Thursday, Feb. 22, 2018

Thursday, Feb. 22, 2018

The Briefing

February 22, 2018

This is a rush transcript. This copy may not be in its final form and may be updated.

It’s Thursday, February 22nd, 2018. I’m Albert Mohler and this is The Briefing, a daily analysis of news and events from a Christian worldview.

Part I


The life and legacy of Billy Graham

When he died yesterday at age 99, Billy Graham, as the world knew him, was one of the titanic figures on the world scene, and he had been so ever since at least 1949. He was born November the 7th, 1918. He died on February the 21st, 2018. Just to state the dates indicates something of the significance of his life, and a life that for so many decades was lived out before the watching world. Billy Graham was one of the titanic figures of American evangelicalism.

As a matter of fact, you cannot talk about evangelicalism in its modern form in 20th-century America, now into the 21st century, without reference to the vision and the impact, the influence of Billy Graham. He was born William Franklin Graham, born to a farmer and his wife in North Carolina. He lived a rather traditional childhood in rural America and he also experienced the tumult of adolescence, describing himself in retrospect as rebellious, though it was a rather quiet and uneventful rebellion.

All that changed when in 1934 he went to a revival meeting, invited by a friend and basically dared to go. The evangelist was one of the best known of the early 20th century, Mordecai Ham was his name and he was himself an innovator. He preached the Gospel, and the teenage Billy Graham heard the Gospel and responded. Not only did he respond to the Gospel, he eventually would respond with a call to ministry and furthermore, would become an evangelist. The best-known evangelist not only of his generation but of the history of the Christian Church. Billy Graham was a fascinating figure.
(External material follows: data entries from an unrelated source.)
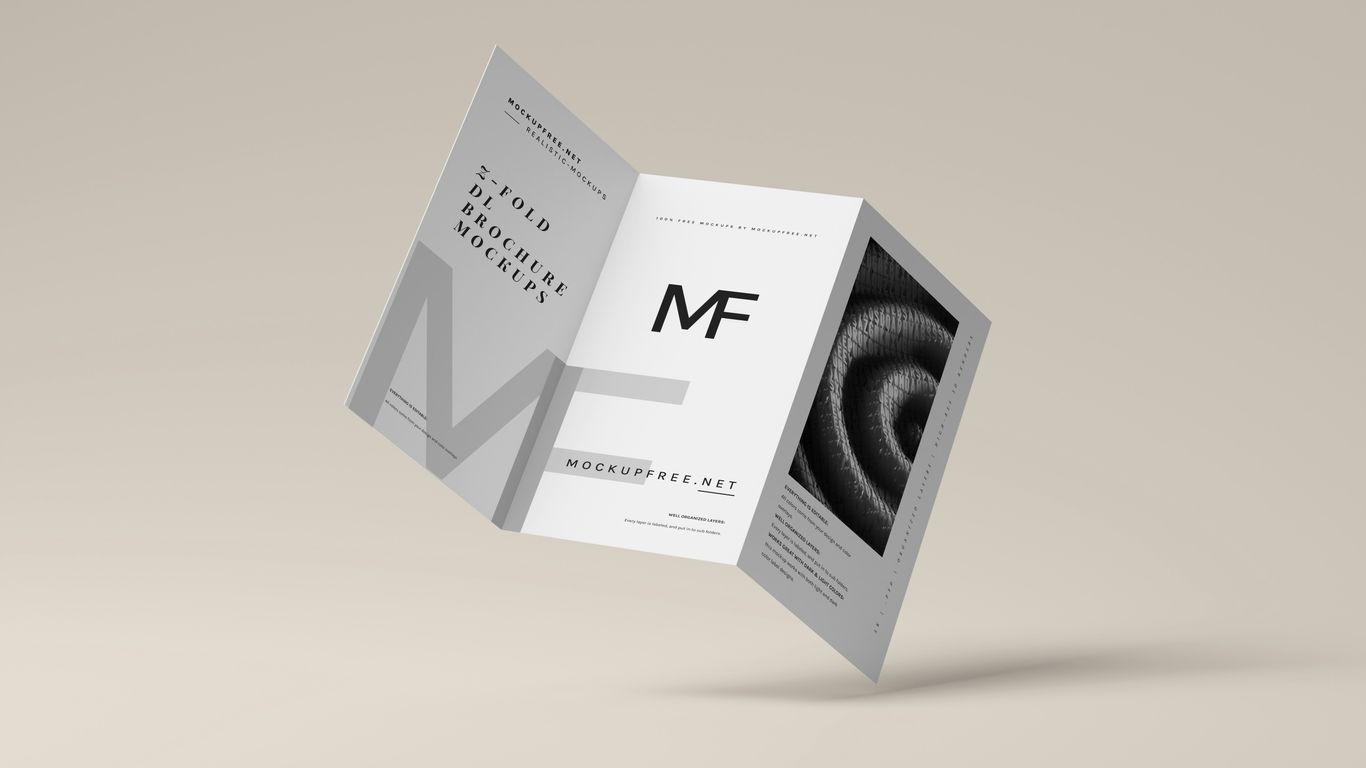 a folded brochure with a black and white photo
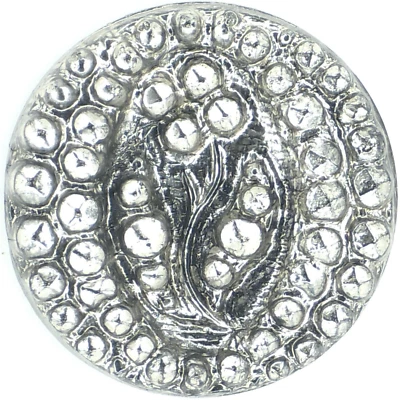 Antiguo botón de brillo plateado flor vidrio negro acero corte victoriano década de 1890 Foto 1 de 3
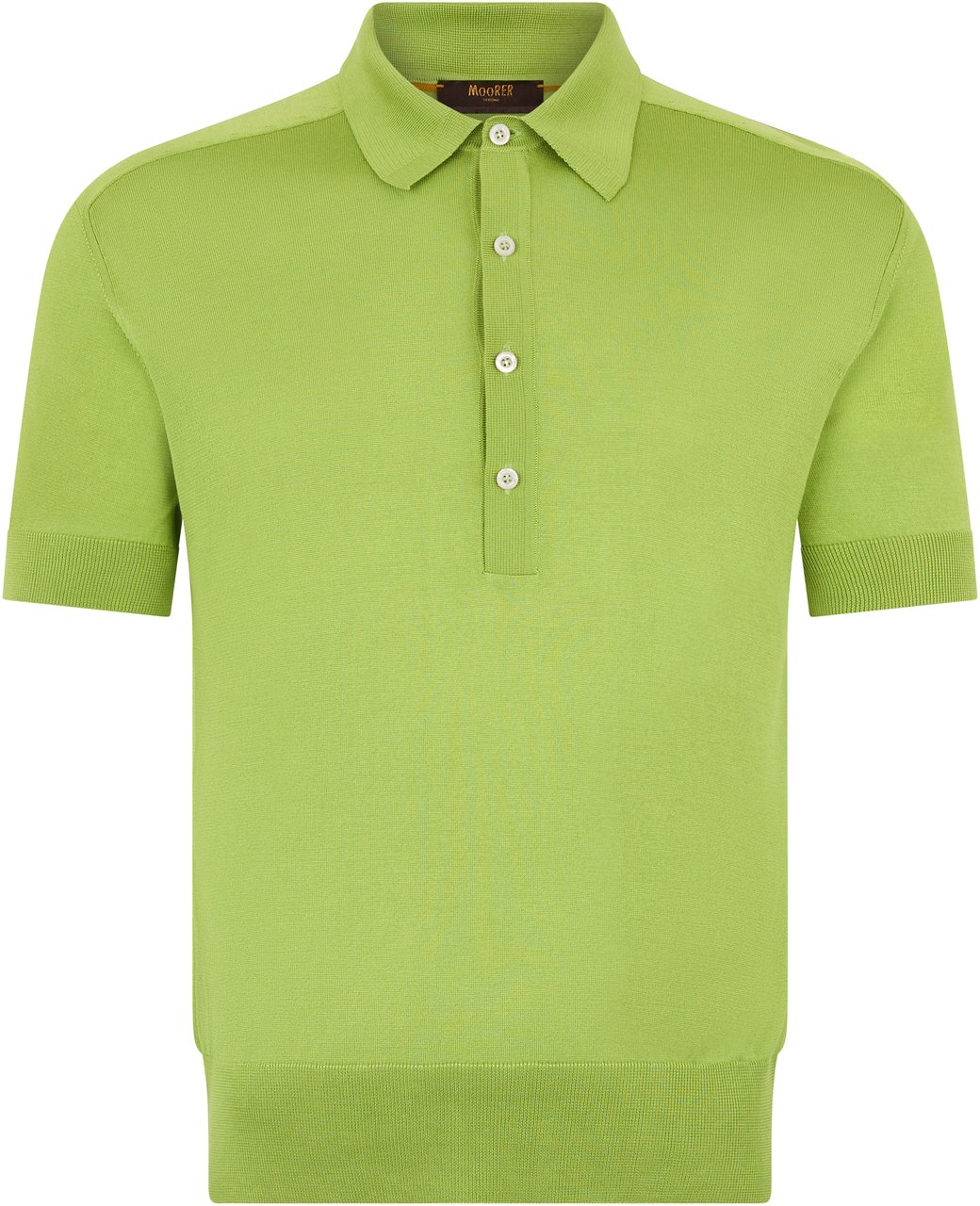 Moorer Green sweater with polo collar in casual and versatile design. Groen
I knew him not only from watching him on television as a child, but I knew him because he spoke at my inauguration as President of the Southern Baptist Theological Seminary. The first time I heard him in person was in 1982 when he came to Southern Seminary where he had a relationship, and he spoke in chapel, and he said to the students then, “You must think about the fact that you are not promised tomorrow.” He spoke about ministry and he spoke about preaching in light of eternity and God’s judgment. As always, he got right to the point, which is the singular gospel of Jesus Christ.

Billy Graham came to adulthood in the aftermath of what was known as the Fundamentalist-Modernist Controversy in the United States. Liberal theology began to become apparent in mainline northern denominations in the last decades of the 19th century. By the time the 20th century came along, there was full-scale theological liberalism throughout most of the established denominations in the north. This led conservatives to respond the theological liberalism with an affirmation of the fundamentals of the faith. Eventually it became a movement known as Fundamentalism, and in the battle for control of those northern Protestant denominations, in almost every single case one after another, it was the Conservatives who lost and the Liberals who won.

As America entered World War II, it appeared, at least to those in control of the liberal Protestant denominations, particularly in the north, that they were in the driver’s seat not only in the leadership of their denominations but the leadership of American culture writ large. They thought they had decisively silenced Orthodox Christianity and they had largely expunged Orthodox ministers from the pulpits of their denomination, especially from the most prestigious and elite pulpits. But when Billy Graham arrived on the scene, he and others perceived the need for a distinctively evangelical, distinctively orthodox form of Protestant Christianity that wasn’t mired in what was considered to be the combativeness of American fundamentalism, also its estrangement and disengagement from the culture, but rather would have the mold of engagement.

Billy Graham became one of the singularly most important figures in forging what became known as American evangelicalism. In the late 1940s they described themselves as the New Evangelicals and knew they were in a sense, because they affirmed the classic doctrines of Christianity without compromise, but at the same time they were representing the future, not just a return to something like the cultural conservatism of the 19th century. Billy Graham was himself indispensable even when you look at the genealogy or the pedigree of many of the central institutions of evangelical life. He became the founder of the magazine that was known as Christianity Today. He was the founder, of course, of the Billy Graham Evangelistic Association, and after serving as President of Youth for Christ and serving for a brief time as a college president, Billy Graham was launched on a national and then international ministry of full-time vocational evangelism.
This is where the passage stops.